We are writing to urge you to support the Ranked Choice Voting (RCV) bill that is advancing at the legislature this session and to block preemptive bills. The pro-RCV bill (HF 89/SF 218) would implement Ranked Choice Voting (RCV) in primary and general elections for state and federal offices, and would allow local jurisdictions to adopt RCV if they choose. With the bills receiving maximum sponsorship (35 in the House and 5 in the Senate), clone bills have been introduced by Rep. Cedrick Frazier and Senator Lindsey Port (HF 1375; SF 1651).
Minnesota is home to a robust and diverse group of employers, large and small, including sixteen Fortune 500 companies. While we differ in size, we share the need for stability and predictability in our economic and political environment. Our planning horizons are longer term and we require certainty in order to make investments that will deliver the growth our shareholders and owners expect.
As business leaders, we have viewed the increasing political polarization in our state and nation with growing concern and on January 6 we witnessed that polarization veer into political violence aimed at disrupting our democracy. This is not good for business. We must take action to strengthen our democracy and mitigate the kind of extremism and disinformation that led to the attack.
RCV is the only reform that disincentivizes negative campaigning and incentivizes candidates to build broad majority coalitions to win and retain them once in office. Under RCV, office holders are rewarded for compromising to get things done rather than obstruct even legislation with overwhelming public support. RCV encourages the kind of consensus-driven, bipartisan legislation that drives business certainty and addresses the economic needs of Minnesotans.

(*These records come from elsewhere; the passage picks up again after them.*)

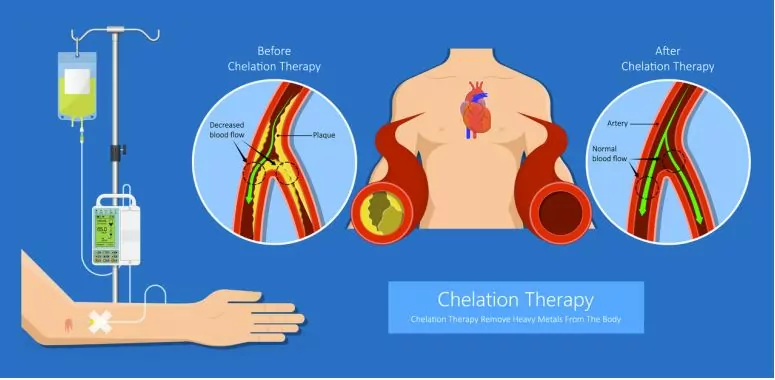 Chelation therapy is a medical treatment that involves the administration of chelating agents, such as ethylenediaminetetraacetic acid (EDTA), through intravenous (IV) infusion.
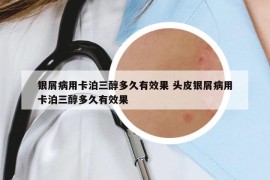 銀屑病用卡泊三醇多久有效果 頭皮銀屑病用卡泊三醇多久有效果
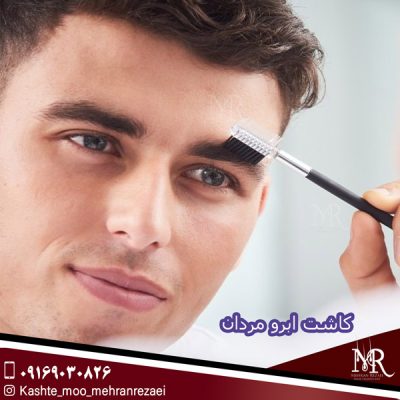 کاشت ابرو مردان - مهران رضایی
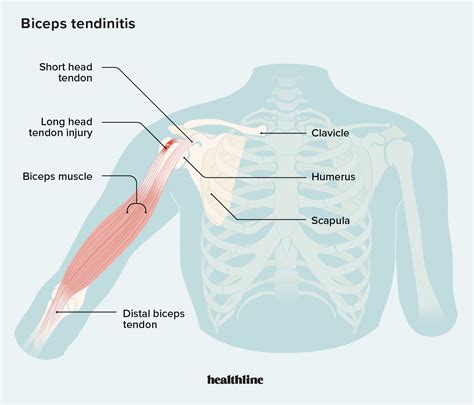 arm esk tebov|Biceps/Triceps tendon injuries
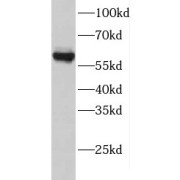 WB analysis of human kidney tissue, using GTPBP2 antibody (1/200 dilution).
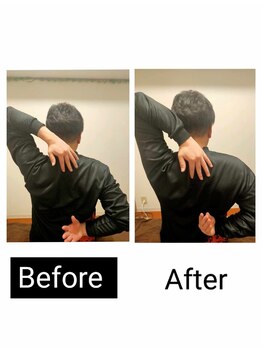 アース エンジェル整体院/ビフォアフ 肩甲骨はがし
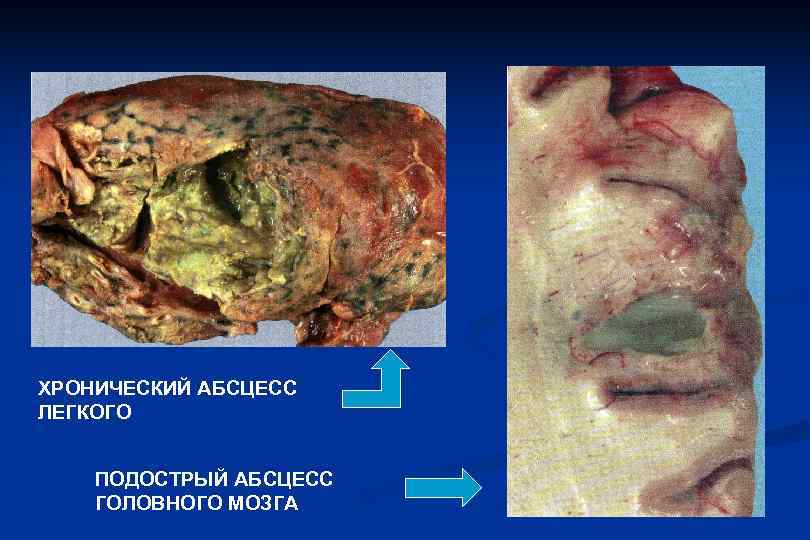 ХРОНИЧЕСКИЙ АБСЦЕСС ЛЕГКОГО  ПОДОСТРЫЙ АБСЦЕСС ГОЛОВНОГО МОЗГА 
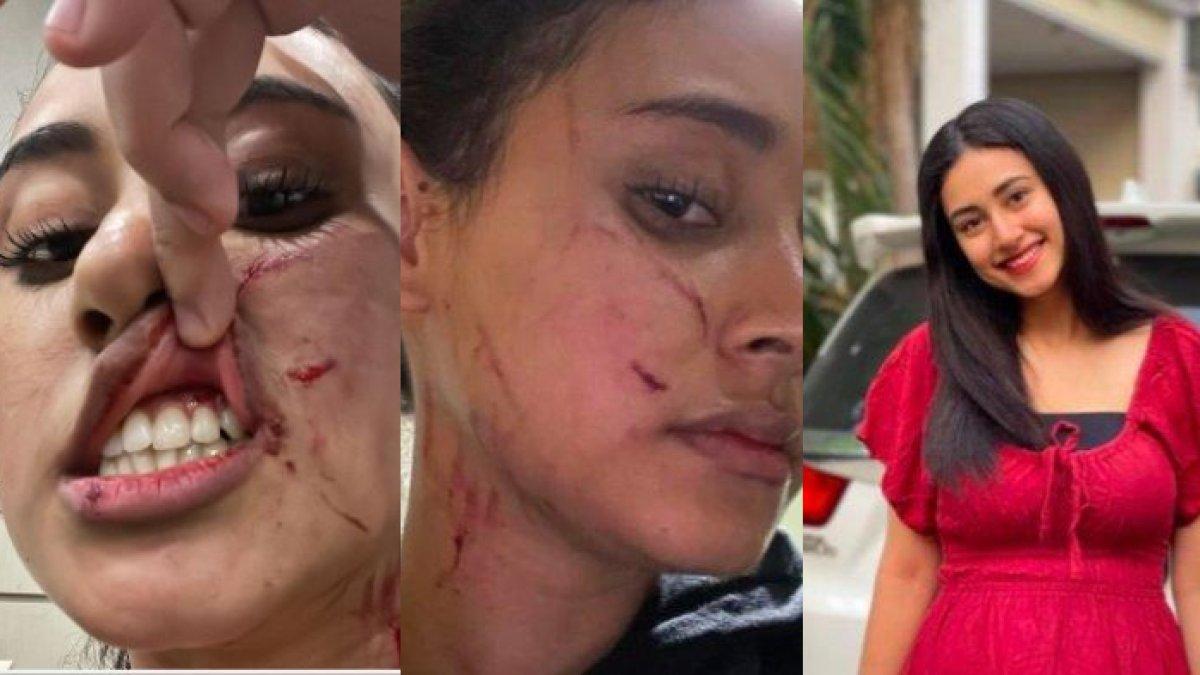 KISAH pilu selebgram Afifah Riyad dianiaya mantan pacar suami, wajah penuh dengan cakaran hingga bekas jahitan caesar memar.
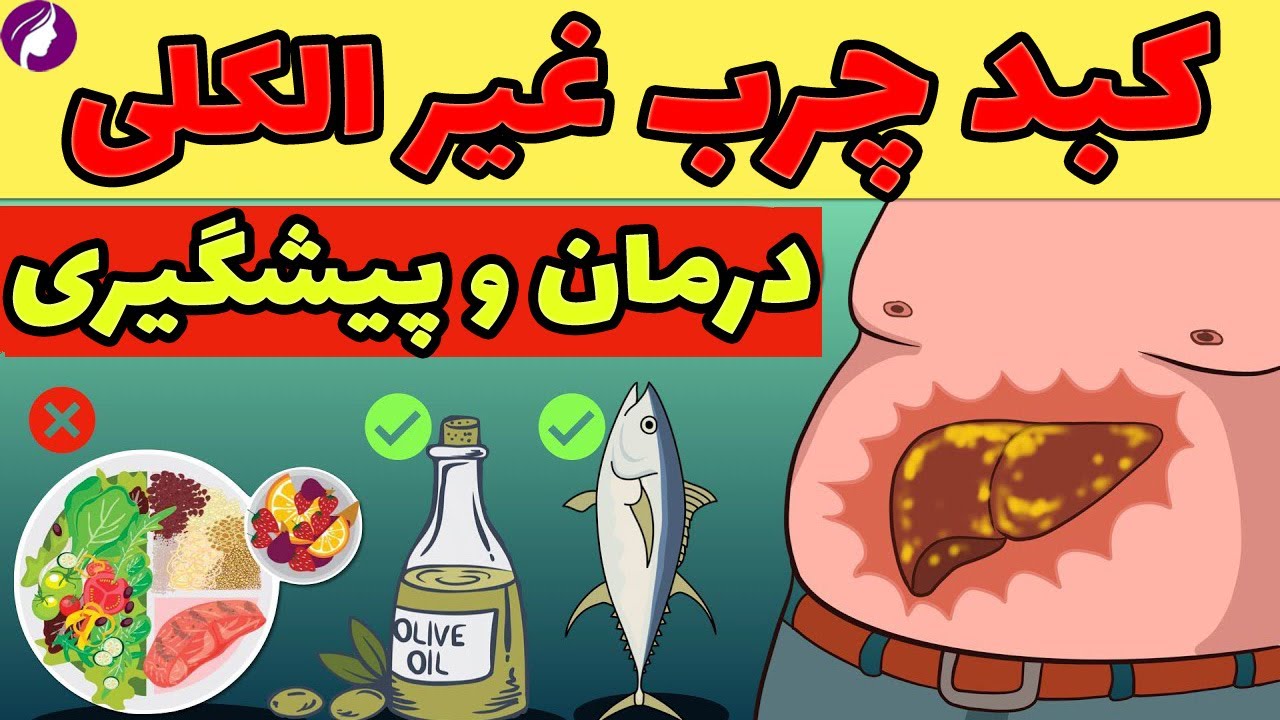 درمان کبد چرب غیر الکلی ❌ چرا کبد انسان چرب می شود؟ 😢 پیشگیری از کبدچرب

The business community believes Minnesota has significant challenges to address to ensure the long-term prosperity of our state – first and foremost the pandemic, but also health care, education, racial justice, infrastructure, immigration, business climate, and community safety, to name just a few. These issues are of critical importance because they influence our ability to conduct business and attract and retain employees in our state. They are also important for business considerations of expansion or relocation in Minnesota. We need our elected officials to work together in good faith to address these issues with bipartisan legislation that can stand the test of time. Your business community depends on it.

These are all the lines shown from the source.